The children, all under the age of five, were killed in the remote district of Darzab in Jawzjan Province over the last two or three days, said District Governor Rahmatullah Hashar on Thursday, adding that roads in the district were blocked by a blanket of snow as thick as half a meter.
He further said that the blockade, in turn, had cut off access for villagers in the region to medical care as temperatures dropped to minus 10 degrees Celsius.

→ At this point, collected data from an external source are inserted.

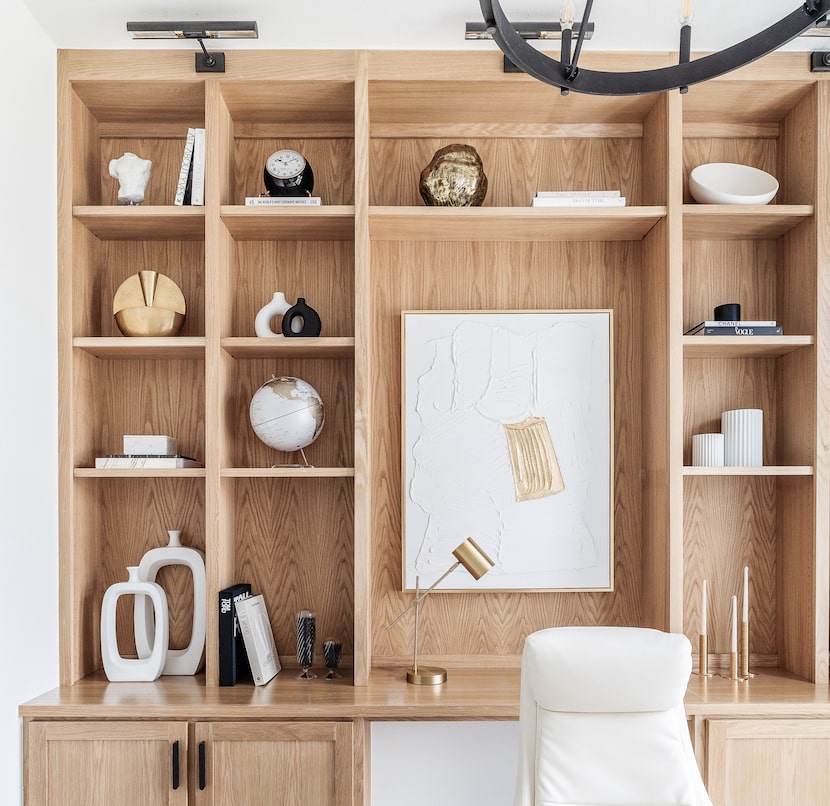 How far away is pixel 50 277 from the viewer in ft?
8.62

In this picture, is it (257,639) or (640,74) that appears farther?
(257,639)

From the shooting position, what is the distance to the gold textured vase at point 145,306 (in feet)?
8.98

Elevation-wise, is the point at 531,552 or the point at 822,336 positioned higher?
the point at 822,336

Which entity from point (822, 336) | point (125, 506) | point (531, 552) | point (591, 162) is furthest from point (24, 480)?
point (822, 336)

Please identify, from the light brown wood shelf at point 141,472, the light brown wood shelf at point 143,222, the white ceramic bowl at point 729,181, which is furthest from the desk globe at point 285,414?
the white ceramic bowl at point 729,181

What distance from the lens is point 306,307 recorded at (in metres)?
2.71

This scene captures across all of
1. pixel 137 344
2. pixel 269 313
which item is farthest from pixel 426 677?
pixel 137 344

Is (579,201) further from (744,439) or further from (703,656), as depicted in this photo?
(703,656)

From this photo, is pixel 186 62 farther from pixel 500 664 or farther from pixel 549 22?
pixel 500 664

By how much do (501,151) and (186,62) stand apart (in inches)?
42.1

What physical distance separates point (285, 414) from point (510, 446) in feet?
2.50

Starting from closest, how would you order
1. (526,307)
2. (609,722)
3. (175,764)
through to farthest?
(609,722), (175,764), (526,307)

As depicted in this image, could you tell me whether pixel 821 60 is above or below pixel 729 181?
above

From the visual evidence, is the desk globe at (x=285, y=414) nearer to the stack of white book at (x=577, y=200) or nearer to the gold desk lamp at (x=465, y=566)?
the gold desk lamp at (x=465, y=566)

Hashar said the toll could further rise.
The provincial governor’s spokesman, Reza Ghafoori, also confirmed the toll on Thursday and said that aid relief would be given to the affected areas through emergency committees.
Back in 2015, some 300 people lost their lives after they were buried under avalanches across the Asian country, most of them in the eastern mountainous province of Panjshir, north of the capital, Kabul.
Each winter, heavy snowfall and avalanches claim the lives of many people in Afghanistan, where inadequate emergency equipment does no match the scope of its natural disasters.
Afghanistan has been plagued by instability and militancy for years. Although the US military invasion of Afghanistan ousted the Taliban regime in 2001, it deteriorated the security situation across the country, causing near-daily violence and a constant displacement of its people.
The United Nations (UN) estimates that at least 9.3 million Afghans — nearly a third of the population — will require humanitarian assistance in 2017, a 13-percent increase compared to last year, which comes amid growing violence, economic stagnation, and social upheaval in the country.